According to the Guardian newspaper, party leader Keir Starmer on Monday will ask that the government tell regulator Ofgem to freeze the current £1,971 ($2,390) limit on household energy bills. Cornwall Insight has predicted that the typical annual bill will jump in October to more than £3,500, and to beyond £4,200 in the first quarter, a crushing blow for many households.
Warnings that millions of low-income Britons face misery as power prices spike are dominating the national conversation. And with inflation rampant, interest rates rising and strikes bringing train service to a halt, Britain is already beset by what’s been dubbed a summer of discontent.
The weeks-long leadership battle between Truss and Sunak to replace Boris Johnson has exposed paralysis at the heart of government, even as the economy sputters toward what’s been predicted to be a recession lasting more than a year. Johnson is staying on until his successor is named in early September, but his administration won’t make any major fiscal decisions in the mean time.
The Telegraph reported that Truss, whose campaign has focused largely on her desire to cut taxes to revive the economy, might limit access to the discount currently available to all Britons facing steeper energy bills.
Simon Clarke, one of Truss’s backers and the chief secretary to the Treasury, mused to the paper it was “odd” that wealthy people are set to benefit from a £400 handout in October -- part of a package unveiled by Sunak when he was Chancellor of the Exchequer.
The Times reported late Saturday that the Treasury is planning a lending program for suppliers that would reduce household bills by another £400 this winter. Scottish Power Ltd. and E.ON SE, two of the country’s biggest energy suppliers, are proposing government-backed loans to keep prices capped, the Sunday Times reported.

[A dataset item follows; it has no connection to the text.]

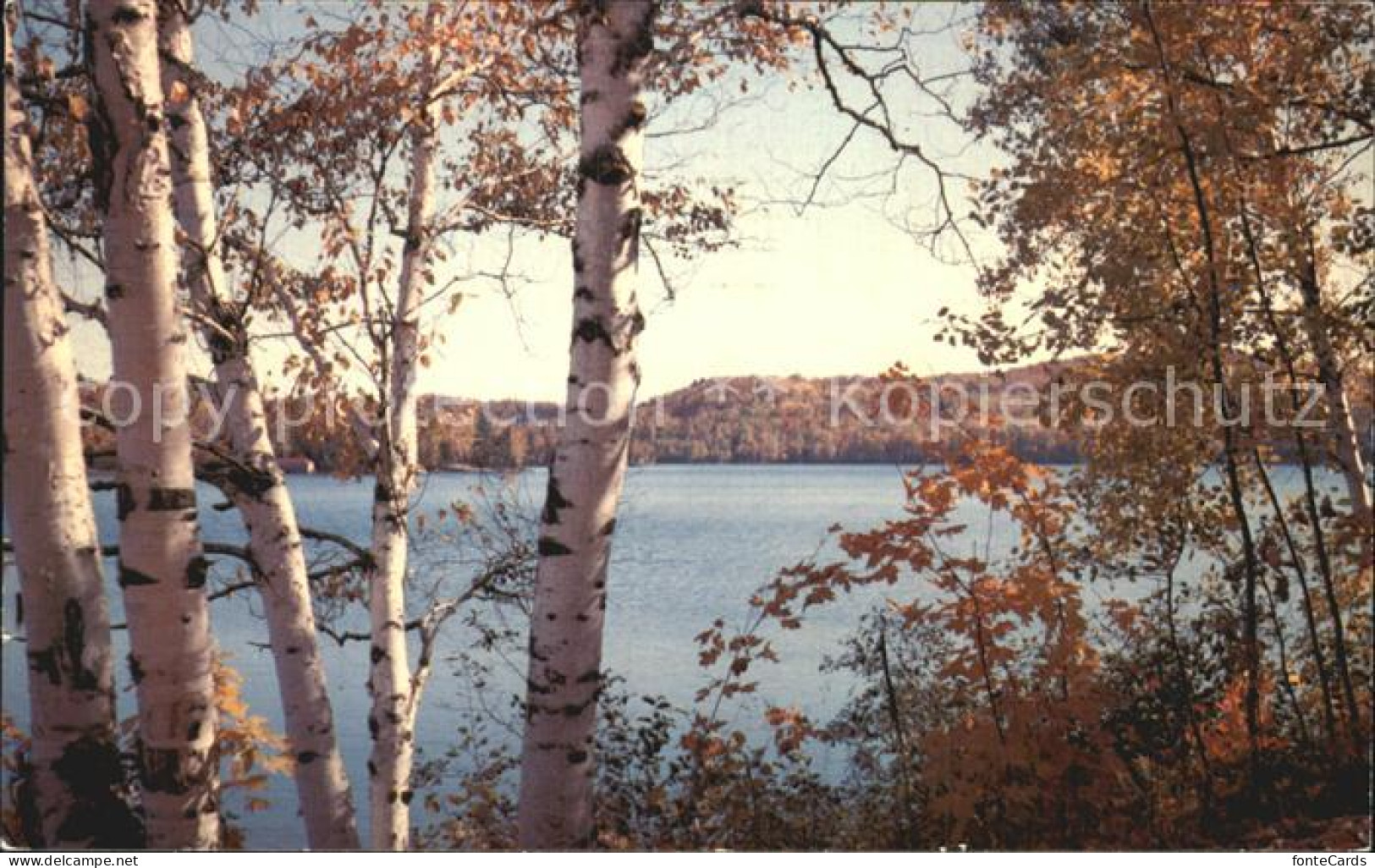 Muskoka Lakes Lake of Bays at autumn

In an interview with the Sun published on Sunday, Sunak set out a plan that included giving unspecified support to pensioners and the poorest families for their energy bills.
For the longer term, he wants to encourage more production from the North Sea and fracking, and to reform regulations governing wind, solar and nuclear power.
“We’ll get through this winter with my plan but it’s also the longer-term things we need to get right,” he told the newspaper.